Catherine Marie Drexel was born on November 26, 1858, in Philadelphia, Pennsylvania, to Francis Anthony Drexel and Hannah Langstroth. She had an older sister, Elizabeth. The Drexel family was very wealthy, having made a fortune in banking. Her uncle, Anthony Joseph Drexel, founded Drexel Institute of Art, Science and Industry in Philadelphia. Today it is Drexel University. Katharine's maternal aunt served as mother superior of the Society of the Sacred Heart in the Torresdale section of Philadelphia.

The Drexel family lived on a 90 acre estate in Torresdale. It was named St. Michel, after Saint Michael, the archangel. Hannah died five weeks after Catherine's birth. Her Uncle Anthony and Aunt Ellen cared for her and Elizabeth for the next two years. In 1860, her father Francis married Emma Bouvier and brought the two girls home. The couple had a third daughter, Louise, in 1863.

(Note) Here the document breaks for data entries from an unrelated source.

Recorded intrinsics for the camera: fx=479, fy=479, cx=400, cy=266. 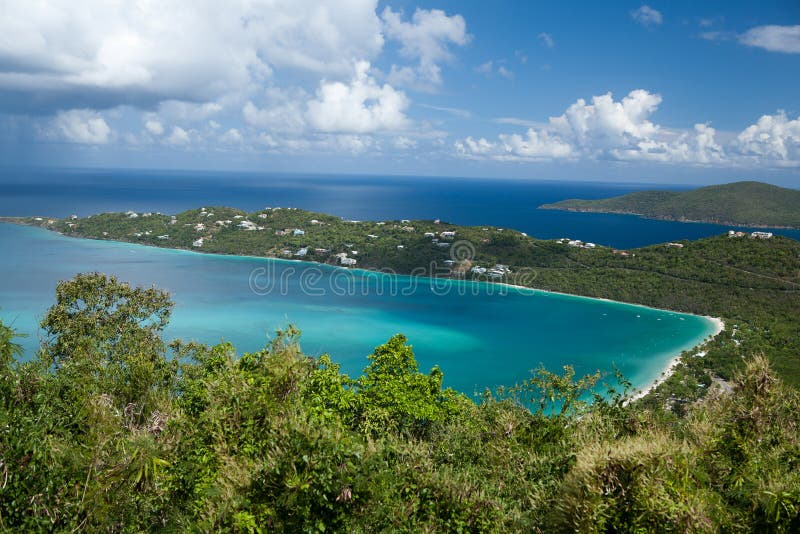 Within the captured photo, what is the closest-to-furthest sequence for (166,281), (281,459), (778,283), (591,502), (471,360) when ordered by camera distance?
(591,502)
(281,459)
(471,360)
(778,283)
(166,281)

Francis and Emma Drexel placed great value on their Catholic faith and its admonitions to help the poor. As a young girl, Catherine helped her stepmother distribute food and clothing at their home every week to needy people. James O'Connor, pastor of St. Dominic's Parish in the Holmesburg neighborhood, served as a spiritual advisor to Catherine as she grew older.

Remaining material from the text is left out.